Data excerpt:
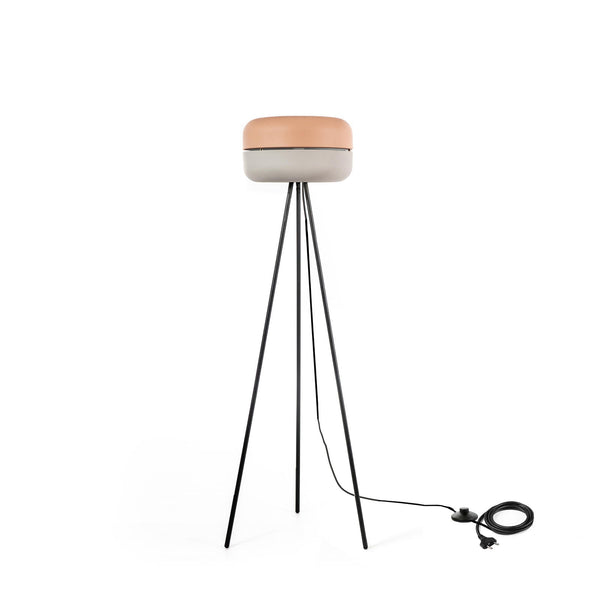 Lampada da Terra 35x35xH140 cm in Metallo Idra Rosa e Grigio online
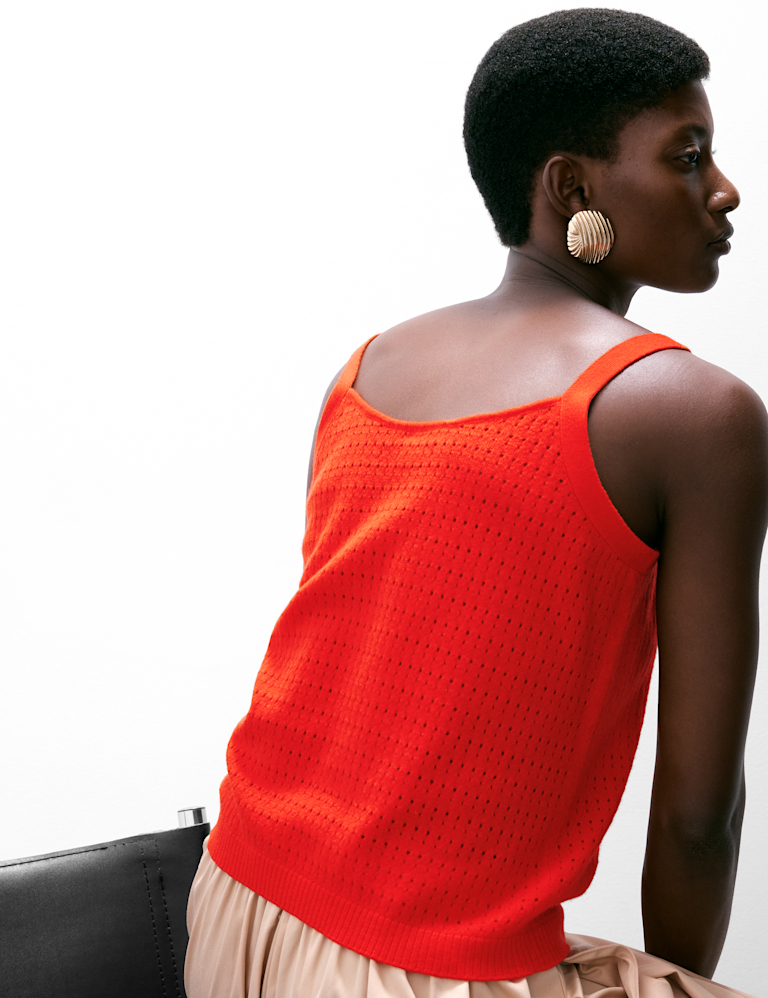 Merino Wool Rich Knitted Vest with Cashmere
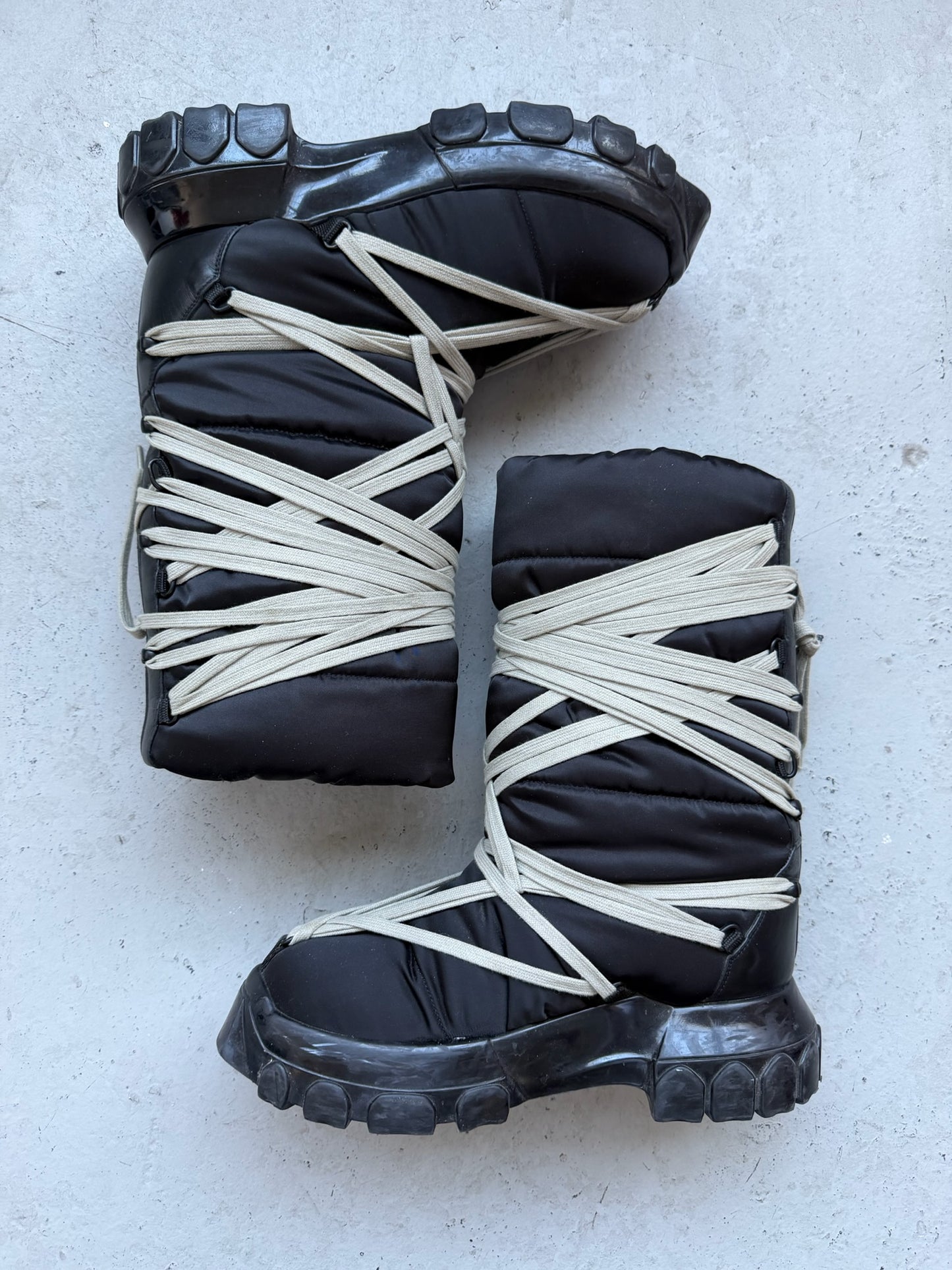 Rick Owens Megalace Lunar Boots (40)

Problem: Word for word, give the data above again, without any images.

Task response:
 Lampada da Terra 35x35xH140 cm in Metallo Idra Rosa e Grigio online
 Merino Wool Rich Knitted Vest with Cashmere
 Rick Owens Megalace Lunar Boots (40)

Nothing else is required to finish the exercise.